Political commentator and noted LSU alum James Carville is taking up the fight for Woodward, engaging the services of a lawfirm to file a libel suit against Landry for his treatment of Woodward. He’s mostly concerned about the “reputational damage” to the university, which is valid since Landry just went scorched earth on one of the nation’s top athletic departments, which ranked 17th in last year’s Learfield Director’s Cup, which ranks athletic departments by their overall performance across every sponsored sport.
I don’t know how plugged in Carville is with the LSU boosters at large, and I won’t claim to. But, he’s a big name with presumably a lot of pull. Could this lawsuit fracture the boosters just under one year after they finally got fully organized?
With all of this, Landry has been pulling for a new contract structure for LSU’s next head coach. He’s already said that, once the coach is chosen, Louisiana’s attorney general is going to take a good, hard look at the contract to see if it’s in the state’s best interests. He’s also floating cutting guarantees and performance-based compensation. I think we can all agree that’s not a bad idea, but it’s controversial at the very least.

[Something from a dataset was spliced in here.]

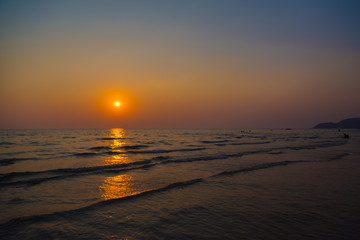 Obraz premium Sky and beach before sunset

Coupling that with Landry’s ire at how sports agents work, calling out a conflict of interest between the agent that represents Scott Woodward and Brian Kelly. Landry alleged that it was the same person, which would present a conflict of interest. That’s fundamentally incorrect.
First off, it’s not the same person. Kelly is represented by Trace Armstrong. Woodward’s agent is not public knowledge, but it has been shown that it’s not Armstrong. Second, that’s not how a conflict of interest works. There is no benefit for Woodward to go after only candidates with the same representation he has. He doesn’t get a kickback for hiring another Jimmy Sexton client. Just like we don’t see these issues pop up in the NFL, NBA, MLB, even in the transfer portal. These super-agents like Scott Boras, Rich Paul, Jimmy Sexton and others represent all kinds of athletes and coaches and administrators across all levels of sport. If there was a problem, you would think that there would be an antitrust or other suit, wouldn’t you? Especially when the NCAA is getting sued from every angle?
But, with all that said, Landry has done serious damage to the LSU job. At this point, I’d say all those names I floated earlier in the shortlist are unlikely at best. Because, in the words of Carville, “Who the f*** is going to coach here?”
Seriously, who? You’re getting micromanaged by the governor for crying out loud! There is no president, no athletic director. The boosters and Board of Supervisors are being shoved aside by an elected official. The entire athletic department is in ruins.
Yes, LSU is still a premier spot with tons of talent locally to pull from. But my goodness this is going to be a messy search.